New field uses images of living organisms to understand biological processes of life
September 28, 2021
Rensselaer Polytechnic Institute computer scientist Chuck Stewart will join a newly created institute aimed at using images of living organisms to understand biological processes like species evolution, genetic inheritance patterns, and even behavior. Stewart, an expert in the ecological applications of artificial intelligence and computer vision, will join the new Imageomics Institute, which is supported by a $15 million grant from the National Science Foundation (NSF).
“One of the grand challenges in research is discovering the rules of life,” said Stewart, a professor and head of the department of computer science at Rensselaer. “The goal of imageomics is to use AI and machine learning to help infer phylogenetic traits from images to understand everything from the structure of species down to individual characteristics and behaviors. At its core, we will use images to make biological predictions which can be verified by biologists or ecologists.”
Stewart is an expert in the ecological applications of computer vision and a co-investigator in the Wildbook project with Wild Me, which builds open source software and artificial intelligence for the conservation research community. The project draws heavily on a computer program he and his students created, known as the Image-Based Ecological Information System, which can identify individual animals in ordinary photographs and match them against images of known animals stored in a database.
“Professor Stewart’s extensive experience in extracting detailed, individualized information from wildlife imagery across multiple species makes him an essential member of the new Imageomics Institute,” said Curt Breneman, dean of the School of Science at Rensselaer. “His innovative computational solutions represent core enabling technology underpinning the new field of imageomics.”
The Imageomics Institute will be led by The Ohio State University and is an inaugural institute for data-intensive discovery in science and engineering created by the NSF as part of its Harnessing the Data Revolution initiative. As such, the Imageomics Institute will be part of forming a national collaborative research network dedicated to computation-enabled discovery.
The institute will create a new field of study in which scientists use images of living organisms as the basis for understanding biological processes of life on Earth. This new approach, called imageomics, will utilize machine learning methodologies to extract from images biological traits such as the behavior or physical appearance of an individual, or even the distinguishing skeletal structure of a species. Imageomics will leverage and extend the paradigm of knowledge-guided machine learning by structuring the algorithmic underpinnings around biological knowledge and continually guiding and refining them using new biological knowledge as it is generated.
Similar to genomics before it, which applied computation to the study of the human genome, imageomics will leverage computer science to help scientists extract meaning from an otherwise unwieldy amount of natural image data. Images to be studied include digital collections from museums, labs, and other institutions, as well as photos taken by scientists in the field, camera traps, drones, and even members of the public who have uploaded their images to platforms such as eBird, iNaturalist, and Wildbook.
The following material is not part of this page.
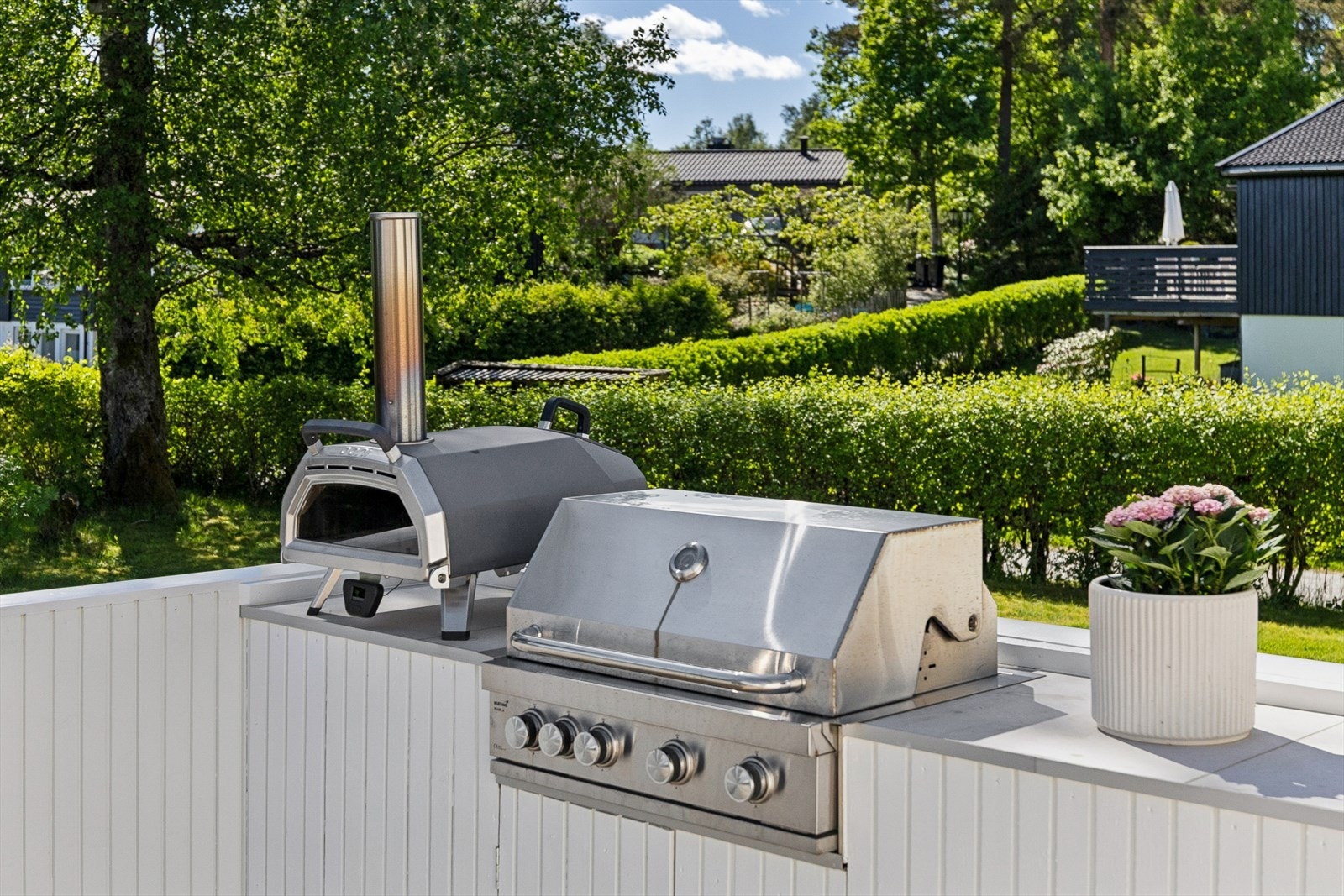Praktisk utekjøkken på terrassen gir mulighet for hyggelige grillkvelder. Galleribilde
The ability to use image data for scientific discovery will get scientists closer to answering compelling questions such as: Are a baby zebra’s stripes similar to its mother’s and what might the genetic mechanism be for inheriting the pattern? How do the skulls of bats species vary with environmental conditions and what evolutionary adaptation drives that change? What subtle morphological features distinguish closely related species of fish from each other and why?
“So many pictures of organisms exist with scientific value that we’ve never been unable to analyze at the right scale,” said Tanya Berger-Wolf, faculty director of the Translational Data Analytics Institute and principal investigator for the Imageomics Institute. “This will change how we are able to see and understand the natural world. Computers help humans ‘see’ images differently and expose what we may otherwise miss.”
In addition to Berger-Wolf and Stewart, the project team includes biologist and computer scientist co-investigators from Tulane University, Virginia Tech, and Duke University; senior personnel from Ohio State, Virginia Tech, and six additional institutions; and collaborators from more than 30 universities and organizations around the world.